Published online by Cambridge University Press: 06 January 2010
The legal world at the dawn of the twenty-first century finds itself in a period of profound, and for some, unsettling, transition. It is of course a truism that one of the most enduring features of the law – as a system designed to regulate constantly inventive and adaptive human systems – is change. But certain transformations are of a more seismic nature. As international law continues to expand in both depth and breadth, the consequent friction over its penetration into domestic law portends one such fundamental shift in the modern legal world. Perhaps no better fact highlights the significance of this tension than the existence of more than fifty-five thousand formal treaties worldwide (and nearly triple that number of derivative acts of international law significance).

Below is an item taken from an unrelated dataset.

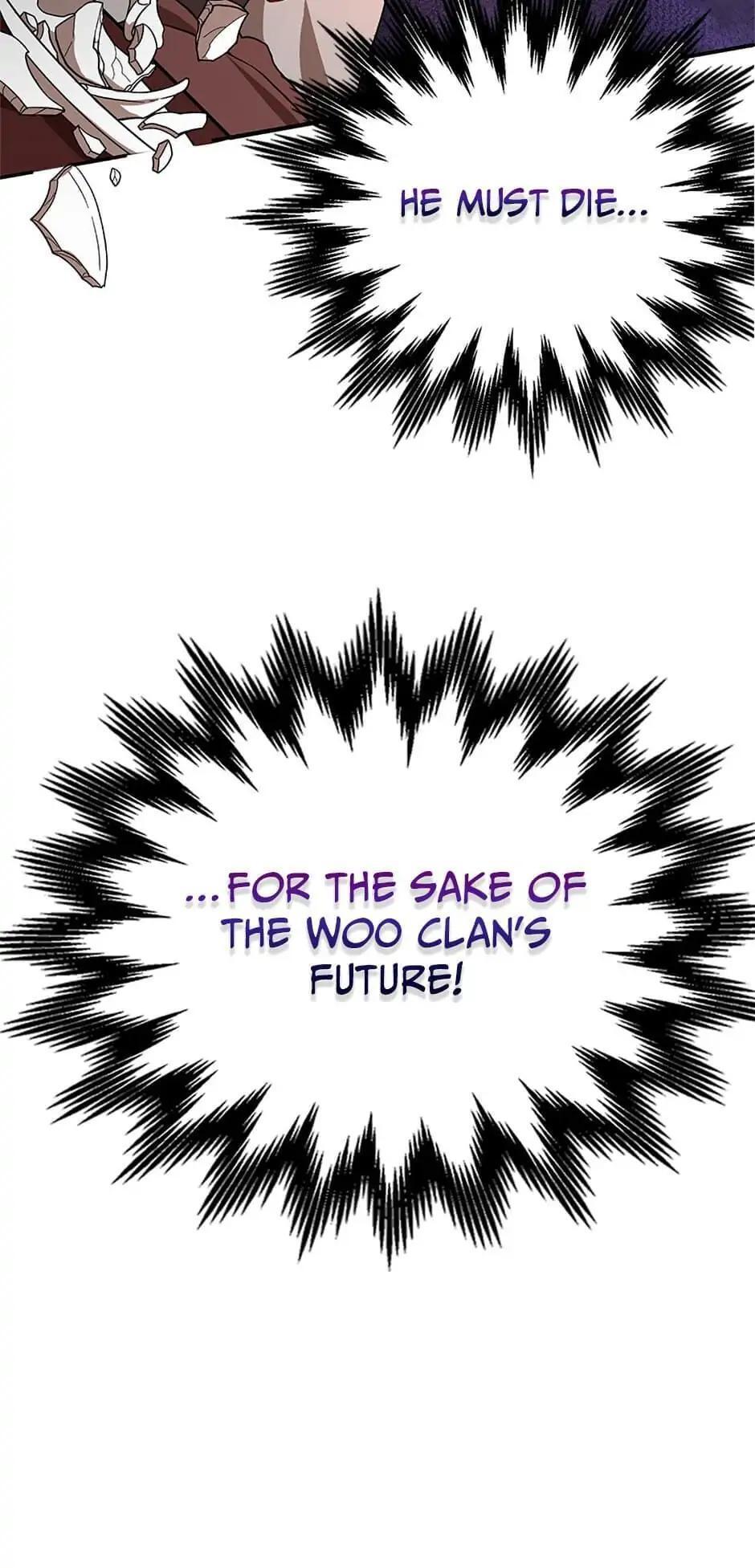 Read The Grand Mudang Saga Manga Online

The foundation (or significant expansion) of any autonomous system of laws inevitably creates tension with the legal orders that abut or precede it. In this sense, the increasing friction between international and municipal law is not a novel phenomenon. For example, as new nation-states coalesced in nineteenth-century Europe and South America, of necessity the drafters of the new civil codes had to address the continued vitality of the preexisting statutory and customary norms. The issue was perhaps even more immediate for twentieth-century legal architects in newly reconstituted, yet broadly multicultural states such as Russia and China. But similar challenges in resolving the friction between new and old arose as well for the numerous postcolonial legal orders founded throughout the twentieth century.